Puff, the Magic Dragon

This story used to make me so sad, I could barely stand it. Whenever I heard Peter, Paul, and Mary sing it, I’d have to turn it down, get out of the room, or cover my ears, and I’m referring to my time as a parent. Jackie Paper comes no more? Puff’s “head is bent in sorrow, geen scales fell like rain…Puff, that mighty dragon, sadly slipped into his cave.” Does he just die? Alone like that? After all that frolicking in the mist, that’s how it all ends? Horrible. I can’t take it.

But now everything is OK. After all these years, a beautifully illustrated version came out in 2007, where a girl saves the day, saves Puff, saves us all. The lyrics are ilustrated just as you can imagine, until the text repeats the chorus for the final time. Then a girl is shown climbing down a hill, spotting puff, who smiles gleefully  at her. On the next page, she strokes him under hs chin while he presses his nose toward her forehead, her father looking on in the background, also smiling.

Thank God Peter Yarrow had a daughter and was inspired to come out with this book. In his author’s notes, he writes that he recorded a special CD with Bethany (which comes with this book.) Lenny Lipton writes in his author’s notes that when he was in Hawaii, a friend asked him how he came to set the book in Hanalei, and he said he’d never heard of Hanalei. (I never realized the island sounded Hawaiian until I read this.)  He goes on to write, “There are many what-ifs along the way with Puff. I left a poem in Peter Yarrow’s typewriter, and he added  some new lyrics and turned it into a song.”

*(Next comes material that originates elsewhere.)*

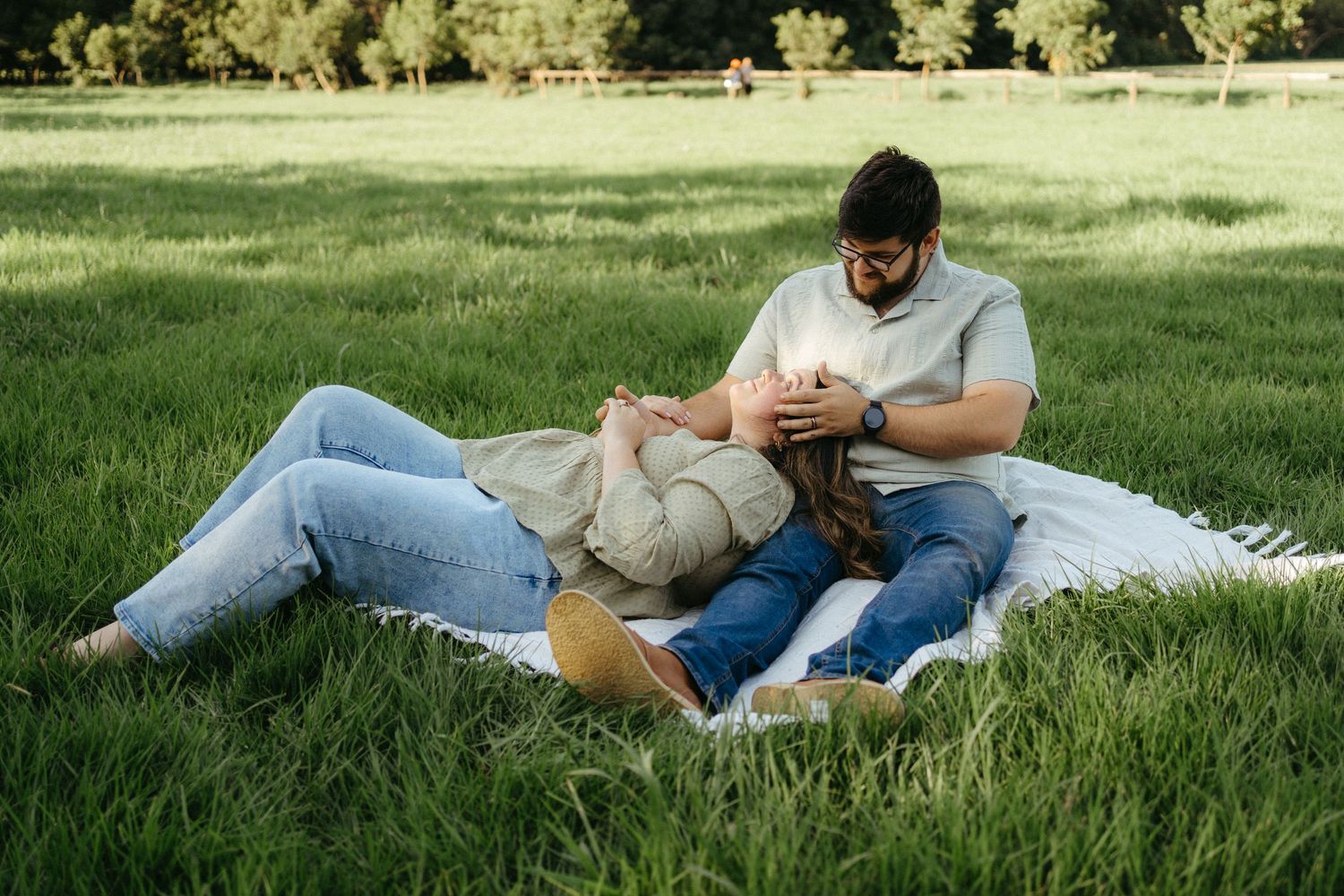 Couple relaxing together on blanket in sunny grass field while looking at mobile phone.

This book makes me think Yarrow, Lipton, and Yarrow’s daughter were as troubled by Puff’s sad story as me and probably millions of parents and kids. My mom got this book for my daughters, and now when we hear the song, Granny tells how Puff was so sad, but then Alice came! My three year old lights up every time she hears that. It’s amazing this song has transformed from tragic and all male into a happy, girlpower story just with a couple illustrations (see, guys, that’s all a little imagination takes.) The interpretation that this song was about marijuana/ addiction has never consoled me. This beautiful book does.

The Supergirls

Check out this written for SFgate by Woodhull Institute alumn Lisa Hix. The article, about a new book called The Supergirls, claims that SF author Mike Madrid is finally giving superheroines their due. Yay, it’s about time!

I love this quote from Madrid, author of The Supergirls, just because it is so right on: “When I was growing up in the ’60s, a lot of guys didn’t like the women in comics, because they thought they were useless and annoying. The women were there to escalate the danger. They were supposed to be members of the team, but often times they created extra work because the men had to rescue them.”

How many of us have sat in movie theatres screaming at the women not to do all the stupid things the films’ writers, directors, and producers make these actresses do? It’s mind programming on such a massive scale, getting audiences all over the world accustomed to seeing women act passive, frightened, and dumb.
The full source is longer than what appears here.